(Beginning of Available records)

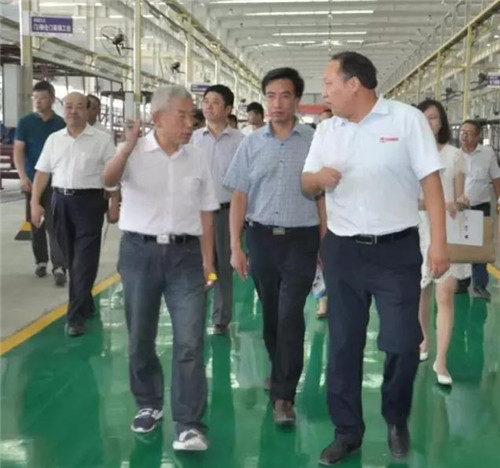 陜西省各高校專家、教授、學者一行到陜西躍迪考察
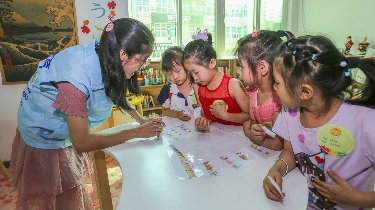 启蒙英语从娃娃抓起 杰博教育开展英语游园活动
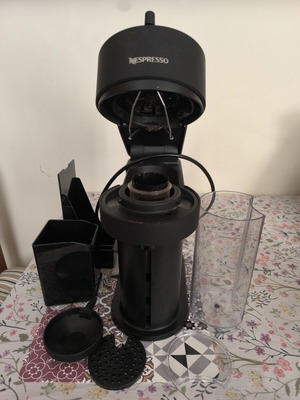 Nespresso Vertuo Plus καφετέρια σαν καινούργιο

(End of Available records)
(Beginning of Available records)

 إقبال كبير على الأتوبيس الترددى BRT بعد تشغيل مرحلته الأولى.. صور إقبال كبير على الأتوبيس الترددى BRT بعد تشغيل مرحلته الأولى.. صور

(End of Available records)

Work required »
Return the lines above from the one with "启蒙英语从娃娃抓起 杰博教育开展英语游园活动" through the one with "Nespresso Vertuo Plus", verbatim and nothing else. Omit every picture.

Result of this task »
 启蒙英语从娃娃抓起 杰博教育开展英语游园活动
 Nespresso Vertuo Plus καφετέρια σαν καινούργιο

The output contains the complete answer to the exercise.